Quarante ans après sa sortie -en mars 1972-, le premier Roxy Music sonne toujours comme l’un des « debut albums » les plus improbables de l’histoire du rock. Son esthétique protéiforme niant l’époque -ni hard, ni prog, ni glam, même si on collera au groupe cette étiquette- embarque un flamboyant numéro rétro-futuriste. Eno (« synthetiser & tapes ») y tacle les sax hantés d’Andy Mackay sur les vitupérations électriques du guitariste Phil Manzanera alors que s’impose la voix de Bryan Ferry, impériale crooneuse. Ce curieux loukoum cybernétique, mix d’échos fifties, de country dévoyée et de pre-electronica bidouillée, bluffe la critique et le disque atteint la 10e place des charts anglais. Renforcé par la sortie du single-tube Virginia Plain à l’été 1972 -rassemblé ici avec d’autres 45 Tours, b-sides et remix sur un double CD bonus-, le groupe magnifie son potentiel dans le second tome, For Your Pleasure, paru au printemps 1973. Les chansons y sont plus catchy, délices d’arrogance drapés de customisation arty. Il faut le troisième Roxy fin 1973 -18 mois à peine après les débuts discographiques- pour que la formation mouvante, désormais privée de Brian Eno et soumise à d’incessants changements de bassiste, soit Numéro Un en Grande-Bretagne. Le disque pose alors une forme de mélancolie persistante –A Song For Europe, partiellement chanté en français- que les deux sorties suivantes, Country Life (automne 1974) et Siren (un an plus tard), atomisent dans un supplément de succès et de confort instrumental.

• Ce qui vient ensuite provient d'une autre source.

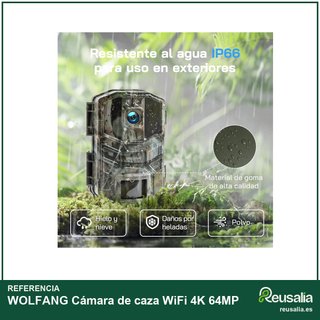 WOLFANG Cámara de caza WiFi 4K 64MP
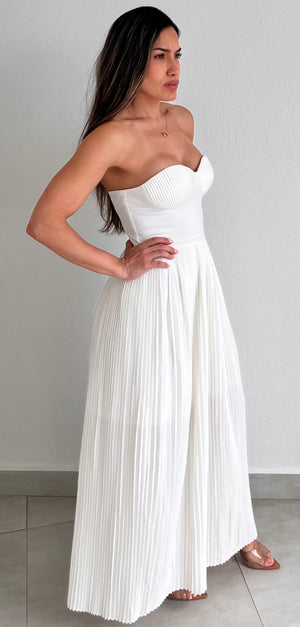 Romantic Celebration White Strapless Midi Dress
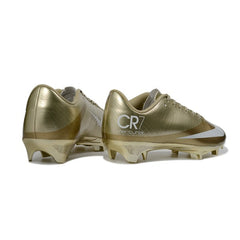 Chuteira Campo FG Nike Air Zoom Mercurial Vapor 16 Elite CR7 Dourada Infantil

En 1975, à l’instar de son rival Bowie, Roxy est devenu l’un des repères majeurs de la pop anglaise.

Playmate masculin

1972-1975 a donc vu Bryan Ferry, compositeur majoritaire et leader de facto, également devenir star solo et poser un personnage de playmate masculin conquérant. Trois des filles posant sur les cinq premières pochettes outrageusement sexy de Roxy seront, un moment durant, des madame Ferry.

Pris dans les toiles de son ego et du succès, Ferry va moins investir dans Roxy: sur les trois ultimes albums studio parus entre 1978 et 1982, Manifesto, Flesh And Blood et Avalon, il suit davantage les modes qu’il ne les invente, vampirisant le temps plutôt que de l’électriser de son propre voltage indigène . Les deux premiers albums cités pratiquent un son FM filandreux, mâtiné de disco frigide, comme si la vie n’était qu’un long cocktail grillé sous les sunlights artificiels de beautés indolentes. Heureusement, l’ultime coup de rein discographique de Roxy à ce jour, Avalon, quitte le jacuzzi inodore pour une dernière écume océanique, certes manucurée -synthés en pamoison, mélodies élégiaques- mais qui fait quand même regretter l’arrêt des travaux.